During CEYC’s fantastic November residential only a few weeks ago I talked to a number of people about one of the Church of England’s most defining, wonderful and expensive aspects: our buildings.
First I think it’s best and indeed most helpful to define the difference between our Churches and Church buildings. Churches, as defined in the New Testament, are groups of Christians who gather to pray, worship and teach in the presence of God. Church buildings are the places in which these groups of Christians meet. In the Church of England we sometimes fall into the trap of calling our buildings the “Churches” and believing that a group of Christians can only call themselves a “Church” if they meet in one of these buildings.
It would be good to keep this in the front of your mind while I discuss the Church and its buildings.
The Church of England’s buildings includes our 16,000 parish churches, our 42 cathedrals and our other building such as Church House and Clergy houses. They are, I dare to say, our second most important asset, after the people who walk through our doors every Sunday. Church of England buildings, especially our parish church buildings and Cathedrals are some of the oldest and most striking buildings in the whole of Britain, and they facilitate what Church of England website calls ” A Christian presence in every community”. These buildings, as well as helping us have a visible presence in every community in England, also help is to support those communities in a variety of ways from Christmas and Easter services to weekly toddler groups, from Baptisms and weddings to *insert whatever your Church does here*.
However, these buildings, especially our parish Church buildings are our biggest financial problem by a significant margin. The Church of England costs £1000 million to run every year nationally, when I contacted Church House they couldn’t put an exact figure on it but a “ sizeable percentage is spent on the upkeep of buildings”.
This cost has always seemed unnecessary to me! For years I’ve felt the churches job should not be one of caretakers of thousands of old falling down buildings. The Church of England has this responsibility and for the longest time I’ve wanted to throw that responsibility away and instead favour a more radical Early-Church-like approach to how the Church of England should operate in the future.
That was until I read the architectural report on my Churches building a week ago as part of a PCC meeting.
Some background might be needed at this point: My Church building is an 11th century Norman, sandstone building which stands on the sight of a monastery dating back to the time of St. Columbus. The Church building, called St. George’s and St. Mary’s, is the only Church building in the world (we think) to be dedicated to both St. George and St. Mary. The name only came about because of a clerical error. It is also the oldest Church building of St. George in the country (although there is an on going discussion between us and another St. George’s church about who deserves the title).
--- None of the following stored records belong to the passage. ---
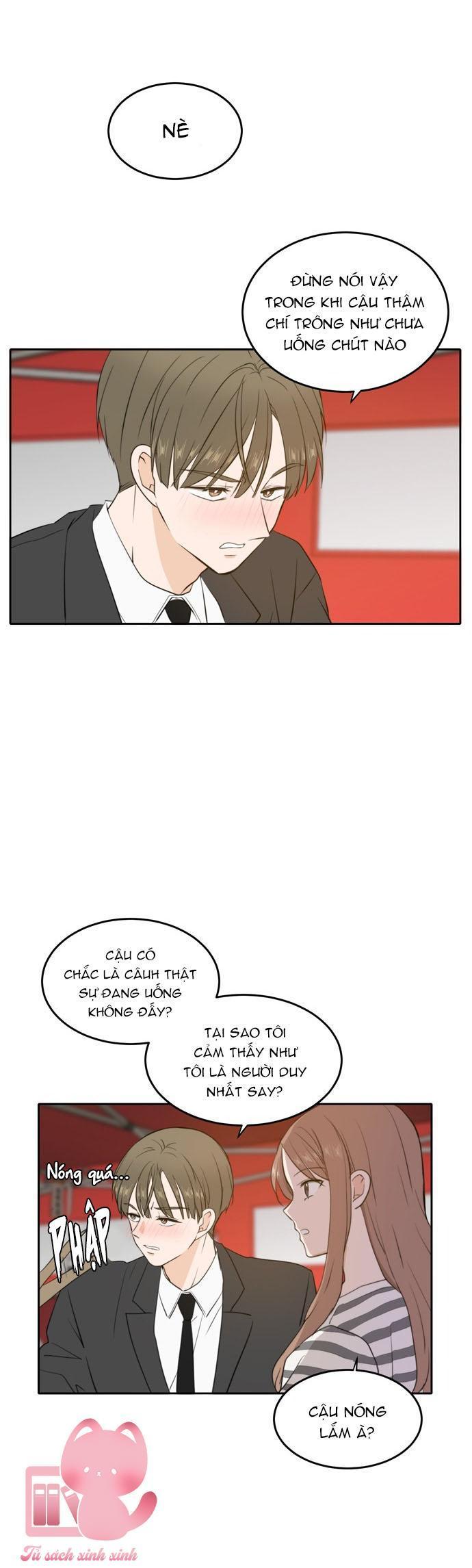 hẹn gặp nhau ở kiếp thứ 19 chapter 30 30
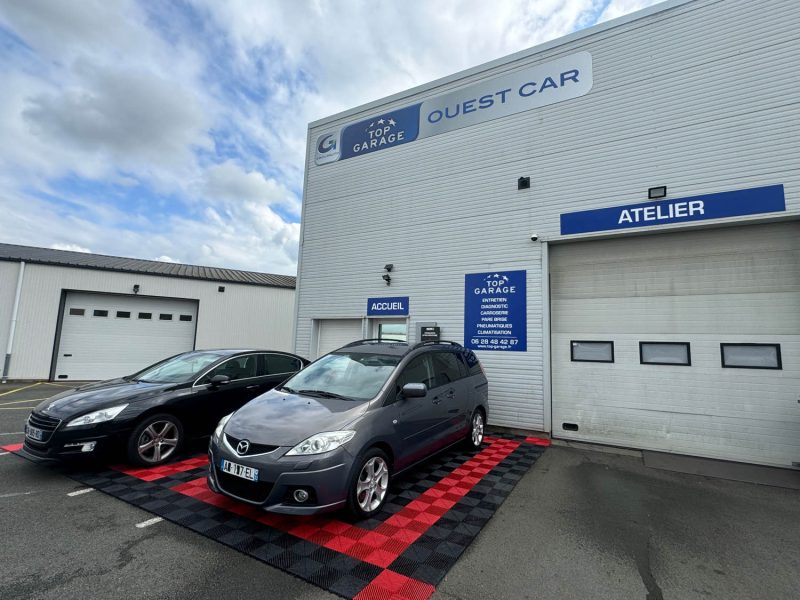 MAZDA MAZDA 5 7 places  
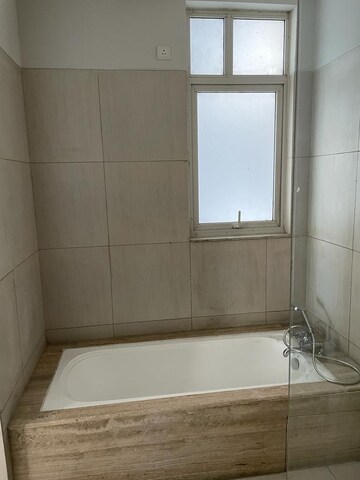 Bathroom in 3 BHK Apartment at M3M Latitude, Sector 65 – for Rent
However, this Church building is quite literally falling down. Masonry has been coming off at both the back and the front as a result of weathering and the sandstone, being the awful building material it is, means the whole building has been slowly disintegrating for the last 900 years. The roof is also coming down at an accelerated rate and if we don’t get these problems sorted soon then our insurances will be invalidated and we will need to leave the building until we can raise the ludicrous amount of money necessary to fix all these and many more problems.
When I read the report I was shocked. I knew things with the building weren’t great, I knew there was water coming through the roof, I knew that the stone was crumbling and I knew that we’d have to leave the building at some point in a few years maybe. What I never expected was to be looking at almost immediate closure of my Church building.
I love my Church building, I love the history of it, the architecture, the beauty of it. Arguably the only reason I continued going to Church during my early teenage years was that I fell in love with the history and the mystery of the Church buildings I went to every Sunday.
I thought that despite the fact hundreds of Church buildings are having to shut their doors every year because they cannot keep up with the soaring costs of maintenance and the shrinking of grants, I never thought it would happen to my Church building.
Sadly this is something the Church of England is going to have to get very used to over the next couple of years. We simply cannot keep up with the cost these buildings demand, both in time and money. That does not by any means diminish the pain and cruelty of having to leave our Church buildings and find new places for our Churches to meet, as my Church will very soon have to do. These beautiful buildings are part of our culture, our history and our tradition. Our buildings should never define us, but it is heartbreaking to let them go.
As with everything, in this, I trust in God. CEYC has given me hope that God will grow churches no matter where they meet, and our generation does not face these storms alone. I pray that my Church may be able to find a new building to call home and that we in the Church of England may begin to realise the immense task that we are facing due to these crumbling, beautiful and special buildings.